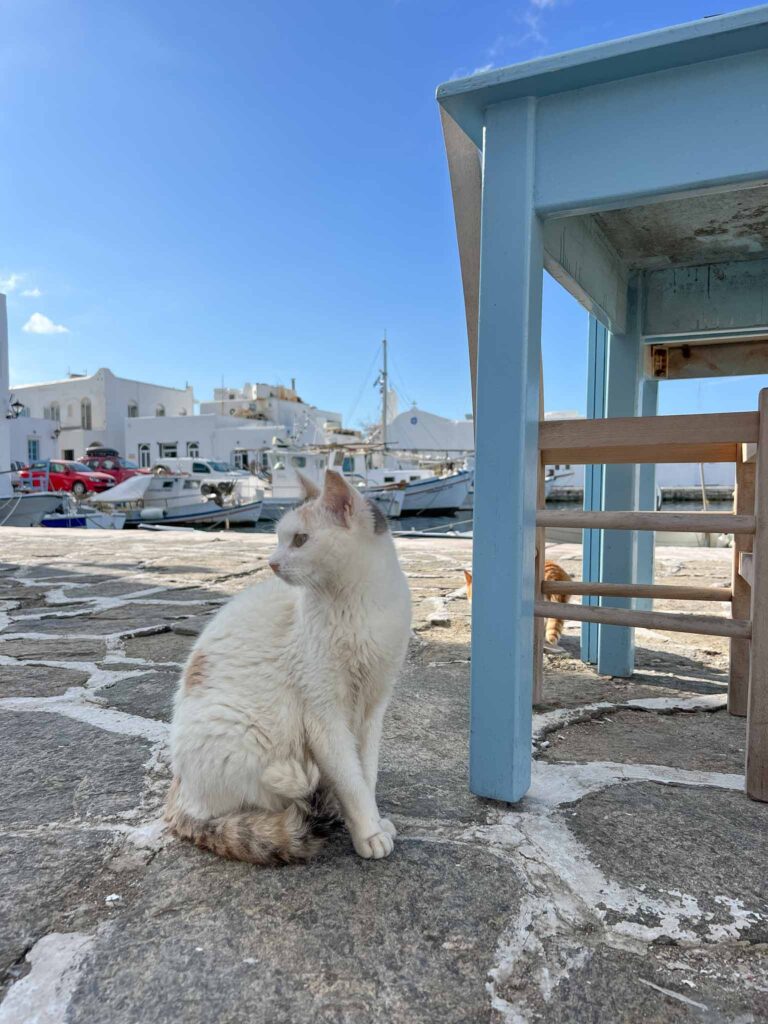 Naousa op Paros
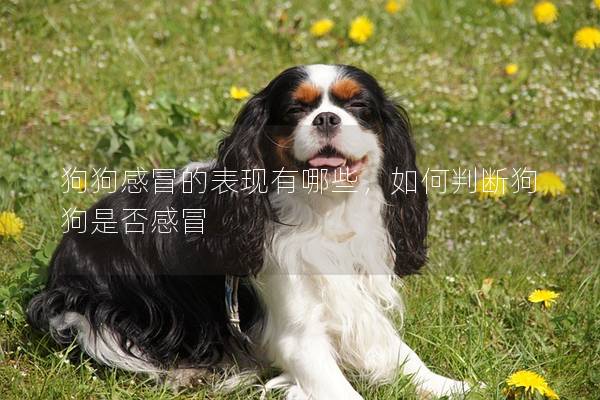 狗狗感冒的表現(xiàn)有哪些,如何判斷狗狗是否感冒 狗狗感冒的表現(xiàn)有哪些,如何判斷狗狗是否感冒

---

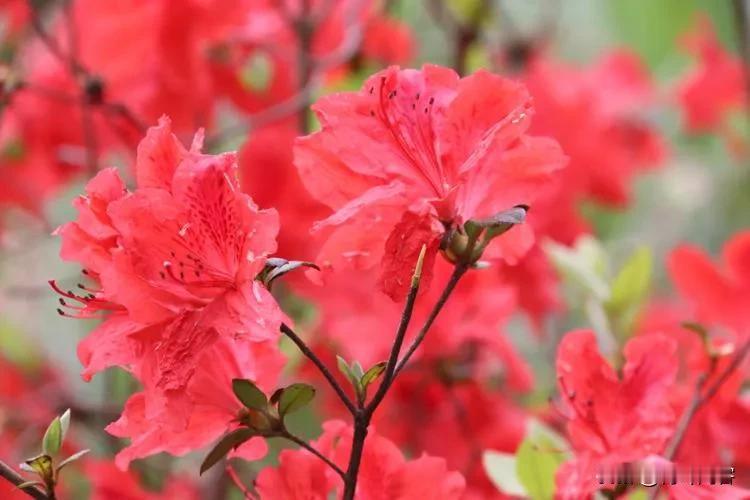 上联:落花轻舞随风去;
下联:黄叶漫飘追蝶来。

* * *

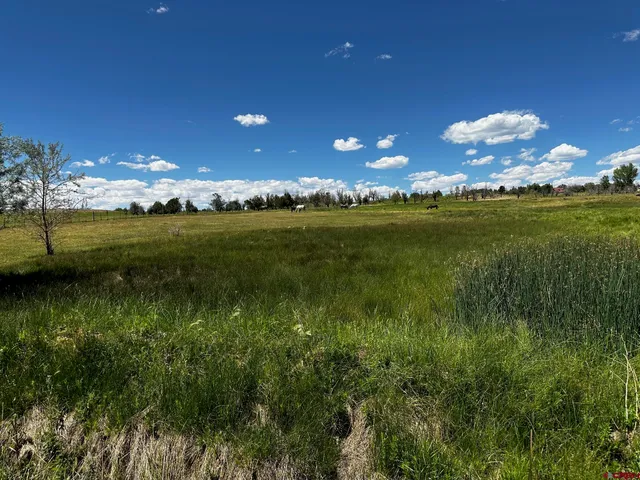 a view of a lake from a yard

### TASK REQUIREMENTS
Look above for the line with "Naousa op Paros" and the line with "狗狗感冒的表現(xiàn)有哪些,如何判斷狗狗是否感冒 狗狗感冒的表現(xiàn)有哪些,如何判斷狗狗是否感冒", then copy them and all lines in between exactly as written, and only those, without any pictures.

### SOLVED EXERCISE
 Naousa op Paros
 狗狗感冒的表現(xiàn)有哪些,如何判斷狗狗是否感冒 狗狗感冒的表現(xiàn)有哪些,如何判斷狗狗是否感冒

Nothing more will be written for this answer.